I’ve probably mentioned this before, but 20-30 years ago, when I was school-aged, I knew about four homeschoolers. Today, in just my particular Nashville neighborhood, in our homeschool group alone, there are over 60 families. There are probably more–these are just the ones I know of.
Y’all, that is insane.
A couple of times a month, our homeschool association meets together for “Open Play.” We meet at a community center and the kids utilize the gym and game rooms, or play outside on the playground or in the woods.
This week, Mr. Bond and the Science Guys came back to the community center to host a science lesson and the girls were super excited. However, Sera was still sick and I realized at the last minute that I had to find a way to get Amelie to the group and let Sera rest at home. Josh called and told me that he needed to come home anyway, so I decided to pick him up so that he could stay home with Sera.
As I hung up with Josh, I realized that I had confused the start time of the science show, and that it was beginning in just 5 minutes. I would not have time to pick up Josh before. I rushed to the community center and told Sera to wait in the car. I ran Amelie in, a bit frantic about how everything would work out.
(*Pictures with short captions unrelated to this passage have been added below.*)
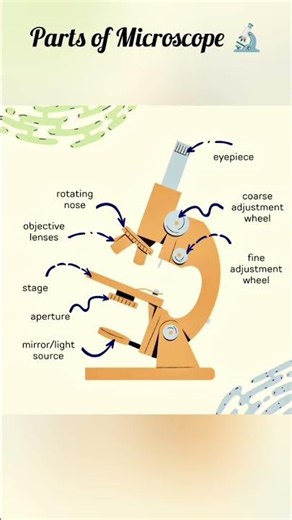 Parts of Microscope 🔬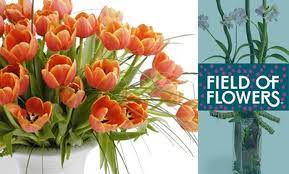 Maybe you would like to learn more about one of these? Half Off From Field Of Flowers Field Of Flowers Groupon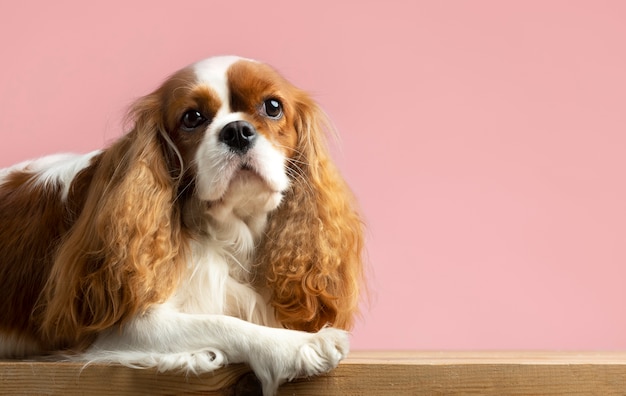 Bellissimo ritratto di cane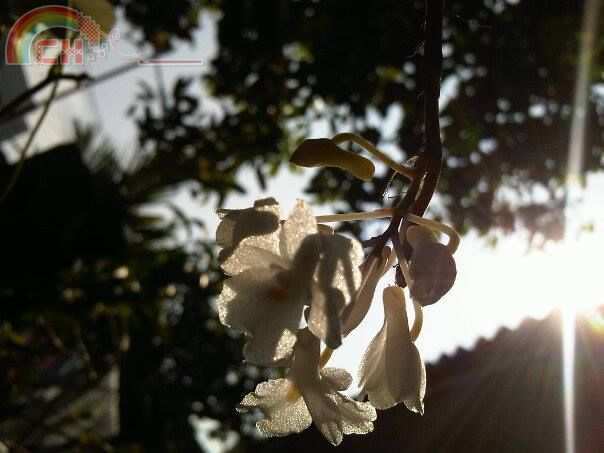 dendro mutabile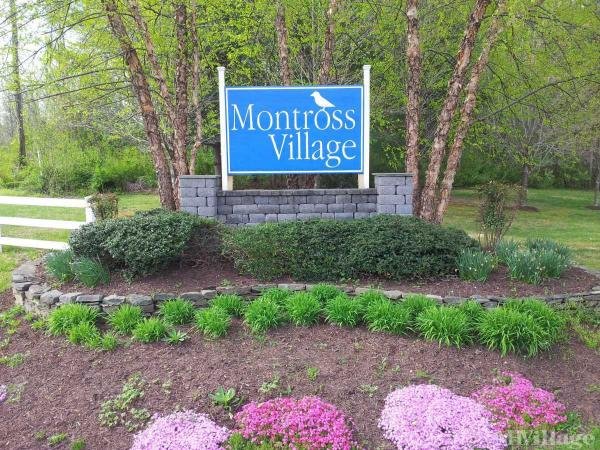Photo of Montross Village, Montross VA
As I walked back through the lobby I just felt total peace–because there in front of me stood about a dozen moms who I knew I could ask to keep an eye on Amelie while I was gone, and who I knew I could trust. I didn’t feel bad asking for help, because I knew I would do the same for them.
I realized in the car that I still had bright yellow cheese powder on my cheek from hastily preparing mac and cheese before we ran out the door. I laughed, and then warmed at the thought of my loving, non-judging, helpful community.
When I got back to the community center after dropping Josh and Sera off at home, I hastily took a seat in the circle of mamas sitting in the lobby and drew a deep breath. Josh and I had received some unsettling news, and when a friend asked how I was, I knew that it was a safe place to be honest–to tell this group of moms that honestly, things were kind of crappy. They listened, they offered sympathy, and then they made me laugh. I mean, the laugh-until-you-cry kind of laugh.
In the beginning of the year, I assumed that “Open Play” would be primarily for letting the girls socialize. To let them build a community of friends among themselves. I’m a bit of an introvert when it comes to meeting new people, and sometimes I wish I could wait in the car and read a book while the girls explore the woods. But as the Fridays pile up, I realize that it is not just the girls who need community, it’s me too.
And the best part? If I really needed to sit in the car and read a book (or take a nap, or use the mirror to wipe the yellow cheese powder from my cheek) I know these mamas wouldn’t judge me for a second.